(Crawled caption data)
━━━━━━━━━━

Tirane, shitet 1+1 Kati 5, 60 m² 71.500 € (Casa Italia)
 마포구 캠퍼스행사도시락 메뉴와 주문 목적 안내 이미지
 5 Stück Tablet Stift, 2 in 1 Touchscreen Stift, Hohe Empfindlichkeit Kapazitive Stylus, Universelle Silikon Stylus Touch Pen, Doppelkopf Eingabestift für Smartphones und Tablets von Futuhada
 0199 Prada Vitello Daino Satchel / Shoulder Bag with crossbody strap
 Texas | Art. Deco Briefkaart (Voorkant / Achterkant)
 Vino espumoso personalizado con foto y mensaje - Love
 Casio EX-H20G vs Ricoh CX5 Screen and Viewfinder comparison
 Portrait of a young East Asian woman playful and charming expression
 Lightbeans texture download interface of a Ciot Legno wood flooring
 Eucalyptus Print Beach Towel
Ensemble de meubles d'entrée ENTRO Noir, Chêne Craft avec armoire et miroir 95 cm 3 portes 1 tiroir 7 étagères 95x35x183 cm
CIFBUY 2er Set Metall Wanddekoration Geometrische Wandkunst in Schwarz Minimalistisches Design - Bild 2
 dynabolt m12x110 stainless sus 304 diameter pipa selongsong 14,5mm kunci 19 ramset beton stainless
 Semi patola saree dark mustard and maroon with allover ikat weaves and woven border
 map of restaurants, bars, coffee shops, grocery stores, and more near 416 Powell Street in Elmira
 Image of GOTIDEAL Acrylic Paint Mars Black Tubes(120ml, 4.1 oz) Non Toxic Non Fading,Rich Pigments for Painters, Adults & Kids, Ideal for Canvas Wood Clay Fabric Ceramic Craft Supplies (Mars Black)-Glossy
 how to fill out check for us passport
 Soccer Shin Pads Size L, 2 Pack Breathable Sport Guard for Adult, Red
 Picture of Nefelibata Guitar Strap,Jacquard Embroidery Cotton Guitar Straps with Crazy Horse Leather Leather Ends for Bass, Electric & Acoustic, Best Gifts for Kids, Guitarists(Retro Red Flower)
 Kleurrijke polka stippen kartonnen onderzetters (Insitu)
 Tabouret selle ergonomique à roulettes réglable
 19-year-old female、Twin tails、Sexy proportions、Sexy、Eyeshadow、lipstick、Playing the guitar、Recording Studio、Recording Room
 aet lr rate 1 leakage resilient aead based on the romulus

━━━━━━━━━━

◆ Problem: Each line of the records above must be copied exactly.

◆ Written answer:
Tirane, shitet 1+1 Kati 5, 60 m² 71.500 € (Casa Italia)
 마포구 캠퍼스행사도시락 메뉴와 주문 목적 안내 이미지
 5 Stück Tablet Stift, 2 in 1 Touchscreen Stift, Hohe Empfindlichkeit Kapazitive Stylus, Universelle Silikon Stylus Touch Pen, Doppelkopf Eingabestift für Smartphones und Tablets von Futuhada
 0199 Prada Vitello Daino Satchel / Shoulder Bag with crossbody strap
 Texas | Art. Deco Briefkaart (Voorkant / Achterkant)
 Vino espumoso personalizado con foto y mensaje - Love
 Casio EX-H20G vs Ricoh CX5 Screen and Viewfinder comparison
 Portrait of a young East Asian woman playful and charming expression
 Lightbeans texture download interface of a Ciot Legno wood flooring
 Eucalyptus Print Beach Towel
Ensemble de meubles d'entrée ENTRO Noir, Chêne Craft avec armoire et miroir 95 cm 3 portes 1 tiroir 7 étagères 95x35x183 cm
CIFBUY 2er Set Metall Wanddekoration Geometrische Wandkunst in Schwarz Minimalistisches Design - Bild 2
 dynabolt m12x110 stainless sus 304 diameter pipa selongsong 14,5mm kunci 19 ramset beton stainless
 Semi patola saree dark mustard and maroon with allover ikat weaves and woven border
 map of restaurants, bars, coffee shops, grocery stores, and more near 416 Powell Street in Elmira
 Image of GOTIDEAL Acrylic Paint Mars Black Tubes(120ml, 4.1 oz) Non Toxic Non Fading,Rich Pigments for Painters, Adults & Kids, Ideal for Canvas Wood Clay Fabric Ceramic Craft Supplies (Mars Black)-Glossy
 how to fill out check for us passport
 Soccer Shin Pads Size L, 2 Pack Breathable Sport Guard for Adult, Red
 Picture of Nefelibata Guitar Strap,Jacquard Embroidery Cotton Guitar Straps with Crazy Horse Leather Leather Ends for Bass, Electric & Acoustic, Best Gifts for Kids, Guitarists(Retro Red Flower)
 Kleurrijke polka stippen kartonnen onderzetters (Insitu)
 Tabouret selle ergonomique à roulettes réglable
 19-year-old female、Twin tails、Sexy proportions、Sexy、Eyeshadow、lipstick、Playing the guitar、Recording Studio、Recording Room
 aet lr rate 1 leakage resilient aead based on the romulus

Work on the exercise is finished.